Mais avant cela, il reste beaucoup à faire. Pour le financement de la zone d’abord. La question du budget reste encore en suspens, même si l’on sait déjà que le financement de la ZLEC proviendra des fonds de l’UA.  De même, les modalités d’attribution de la règle d’origine restent également à clarifier. Le Nigéria milite par exemple pour une valeur ajoutée d’origine africaine de 70%, tandis que d’autres pays jugent la proportion trop élevée et se contenteraient de 20 ou 30%. La bataille va en tout cas être scrutée par les investisseurs étrangers installés en Afrique comme Renault et Peugeot au Maroc qui, grâce à la ZLEC, entreraient dans une chaîne de valeur régionale de grande échelle.

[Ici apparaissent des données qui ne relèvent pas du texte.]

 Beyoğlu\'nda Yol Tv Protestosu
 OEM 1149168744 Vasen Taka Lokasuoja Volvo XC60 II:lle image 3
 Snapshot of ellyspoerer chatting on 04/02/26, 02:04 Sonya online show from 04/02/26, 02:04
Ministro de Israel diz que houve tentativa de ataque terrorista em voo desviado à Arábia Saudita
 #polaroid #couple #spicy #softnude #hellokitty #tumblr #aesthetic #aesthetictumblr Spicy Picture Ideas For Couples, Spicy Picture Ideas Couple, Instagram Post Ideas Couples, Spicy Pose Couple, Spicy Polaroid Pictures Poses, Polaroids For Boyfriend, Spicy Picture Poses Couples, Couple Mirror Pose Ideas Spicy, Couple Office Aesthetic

Conscients de ces obstacles, le ministre des Affaires étrangères Nasser Bourita, cité par Jeune Afrique, a expliqué que le chemin vers l’union économique africaine était encore long: “La réussite de l’accord dépendra de ce que nous allons faire maintenant. Il faut un nouveau modèle de développement en Afrique. Les barrières tarifaires ne sont pas le seul problème. Il faut des infrastructures, de la connectivité et aider les entreprises africaines au risque que la ZLEC soit contre-productive. Surtout, les espaces économiques régionaux doivent être renforcés”.

Suite à la décision prise par le Nigéria, durant le dernier sommet de l’UA, de finalement adhérer à la ZLEC ce sont désormais 53 des 54 pays que compte l’Afrique qui ont rejoint la zone de libre-échange. La seule exception est désormais l’Erythrée dont la position peut s’expliquer par le fait que son économie est largement contrôlée par l’Etat. Le siège de la ZLEC sera abrité dans la capitale ghanéenne, Accra, conformément à ce qui a été décidé lors du dernier sommet de l’UA.